Everybody will win with GA4, but for those who have doubts, here are four advantages that were not possible with UA:

  1. Easy on the marketers’ eyes: This ties in with the fourth point listed above. In a world where users are visiting site after site on a variety of devices—desktop computers, mobile phones, and tablets—the ability to track so much data on so many devices is beyond overwhelming. This problem is solved (or at least eased) with GA4, as the tracking capabilities of this new analytics system are far more advanced. Now, marketers have a better understanding of the touch points at where their customers are in the sales journey, and through what devices they are utilizing.

  2. Privacy: If nothing else, anyone who has not been happy about migrating from UA to GA4 will appreciate the upgraded and proactive privacy protections that will be in place. As Jim Pasqualone, Senior Director of Digital Growth at EGC states:

    Privacy concerns that individuals had, and businesses have—Google [GA4] is allowing us to solve them, not only in the now but predicting in the future some of the laws and regulations that might occur.

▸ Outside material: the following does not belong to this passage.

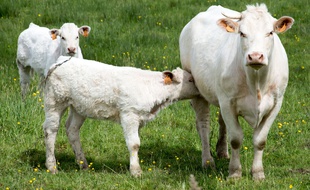 Illustration d'une vache avec son veau.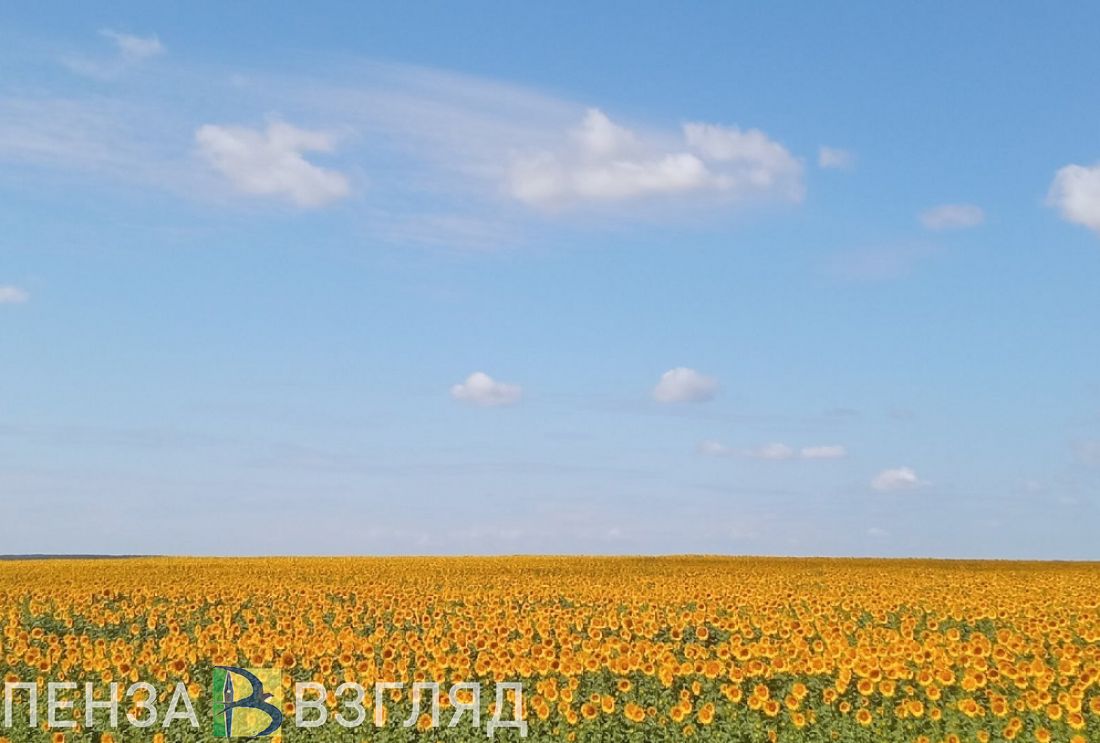 Аграрии Пензенской области убрали 62% подсолнечника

  3. Enhanced predictive analytics: UA used traditional statistical methods to provide analytics. GA4 uses machine learning to provide more accurate and predictive analytics. This is important because it can help you make better decisions about your marketing campaigns. For example, GA4 can use machine learning to predict which users are most likely to convert, so you can focus your marketing efforts on those users.
  4. Improved integration with other Google products: UA was not well integrated with other Google products. GA4 is better integrated with other Google products, such as Google Ads and Google Marketing Platform, which can make it easier to manage your marketing campaigns. For example, you can use GA4 data to create custom audiences in Google Ads, which can help you reach your target audience with more relevant ads.

So, the change may be tough, but the benefits will be great.